Overflowing char array overwrites the exact same string every time - why? - c++

I have the following code that shows the dangers of using char arrays over strings:
int main(){
char password[] = "SECRET";
char msg[10], ch;
int i = 0;
cout << "Please enter your name:";
while((ch = getchar()) != '\n'){
msg[i++] = ch;
}
msg[i] = '\0';
cout << "\n\nHello " << msg << endl;
cout << "The password is " << password;
}
When I enter a name (stored in char msg[10]) that is longer than 16 characters, everything after those 16 characters replaces the value stored in char password[] ("SECRET").
Why is this the case? (a general curiosity)
Why 16 characters and not 10 - the size of the array?
Why is it always password that gets overwritten and not some other variable or some other part of the memory where I wouldn't notice immediately?
What's the benefit of using char[] over strings then?
EDIT: Updated with follow up questions:
5. In response to the argument that password and msg are declared next to each other, I shuffled the declaration block as follows:
char password[] = "SECRET";
char ch;
int i = 0;
char msg[10];
However, no change.
6. In response to the argument that it was chance that caused the gap between msg and password to be 6 (bytes?) long, I have recompiled the code many times, including the reshuffling above. Still, no change.
Any suggestions as to why?

The answer for your first three questions is the same: because that's how your compiler chose to lay out these variables on the stack. Nothing in the standard guarantees that - in fact, what you're doing is undefined behavior - anything could happen.
Change compilers, or even compiler settings, and other things might happen. Or not.
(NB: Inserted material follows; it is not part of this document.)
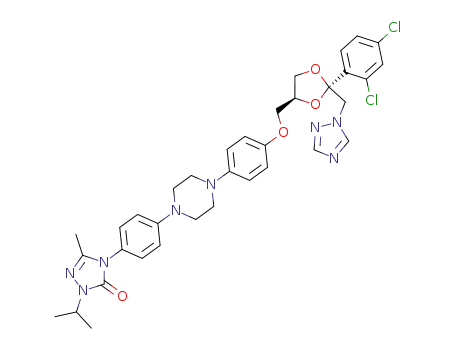 Molecular Structure of 89848-50-0 (4-[4-(4-{4-[(2R,4S)-2-(2,4-Dichloro-phenyl)-2-[1,2,4]triazol-1-ylmethyl-[1,3]dioxolan-4-ylmethoxy]-phenyl}-piperazin-1-yl)-phenyl]-2-isopropyl-5-methyl-2,4-dihydro-[1,2,4]triazol-3-one)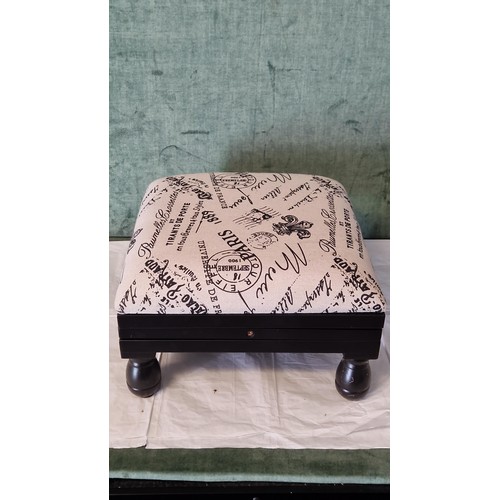257 - SMALL NEW MODERN GAUT FOOTSTOOL - 36CMS SQUARE X CLOSED 20CMS H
There's no telling.
As for 4, except for interoperability with C code, or other APIs that require C-style strings, essentially none.

1 . In your case, memory is stored like that:
msg | |i |password
| | | | | | | | | | |1|2|3|4|5|6|S|E|C|R|E|T|\0
Then you write on msg progressively:
msg | |password
|A|Z|E|R|T|Y|U|I|O|P|1|2|3|4|5|6|S|E|C|R|E|T|\0
But if you continue:
msg | |password
|A|Z|E|R|T|Y|U|I|O|P|1|2|3|4|5|6|Q|W|E|R|T|Y|
Because char array doesn t check for length. (Search for overflow).
2 .You write on memory, you erase everything in between, maybe i or something that doesn t belong to your program.
3 .So it take 6 char before you overwrite password. It could have been 0char as well as millions.
4 .Unless you store a defined array of byte... Nothing, that is the point that code prove.
UPDATE:
Changing the place of code won t change padding, add variable, array, or better: use a different compiler, so that even after optimisation, the binary change.
Recompiling will not change the binary produced, because the compiler wil do the exact same thing.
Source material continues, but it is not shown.